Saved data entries

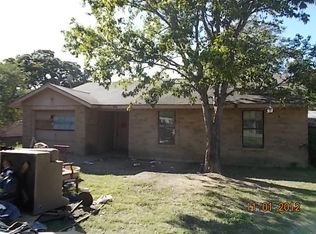 3913 Forest Lawn Rd, Balch Springs, TX 75180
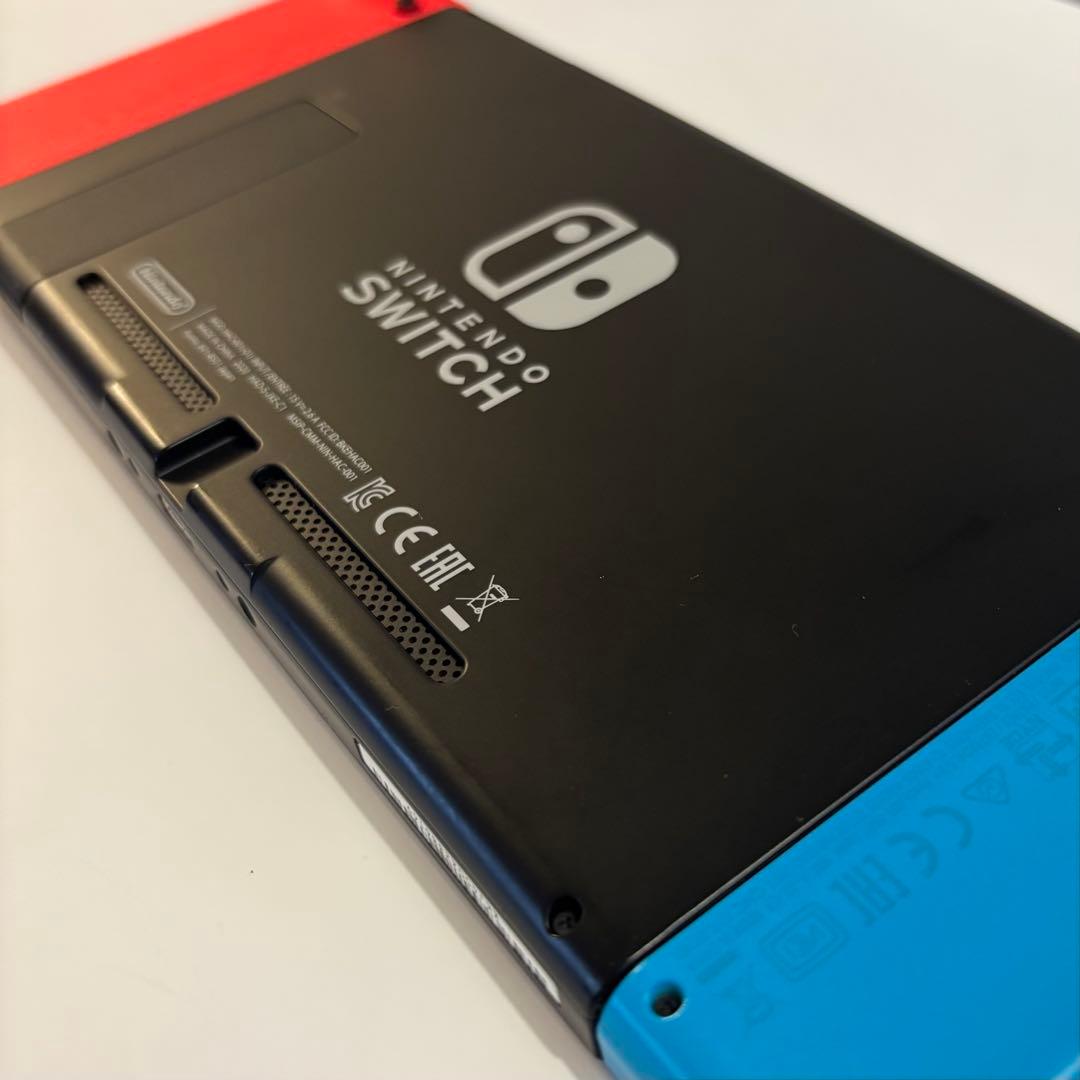 大洋さま専用:オマケ付き:Nintendo Switch 本体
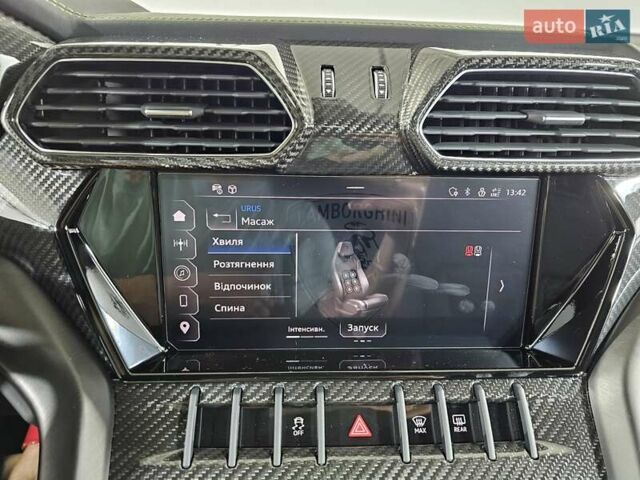 Черный Ламборджини Урус, объемом двигателя 0 л и пробегом 1 тыс. км за 468741 $, фото 29 на Automoto.ua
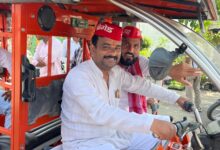Photo of नौकरी के बजाय ई-रिक्शा चलाने की सलाह पर सपा का अनोखा विरोध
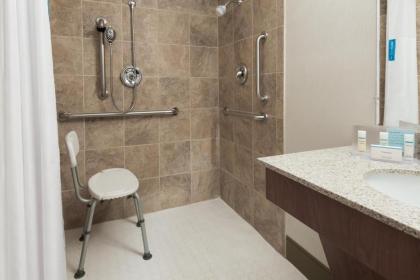 Hampton Inn Danbury - image 13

▸ What to work on:
Leaving the pictures aside, repeat the data above exactly.

▸ Result for this task:
 3913 Forest Lawn Rd, Balch Springs, TX 75180
 大洋さま専用:オマケ付き:Nintendo Switch 本体
 Черный Ламборджини Урус, объемом двигателя 0 л и пробегом 1 тыс. км за 468741 $, фото 29 на Automoto.ua
Photo of नौकरी के बजाय ई-रिक्शा चलाने की सलाह पर सपा का अनोखा विरोध
 Hampton Inn Danbury - image 13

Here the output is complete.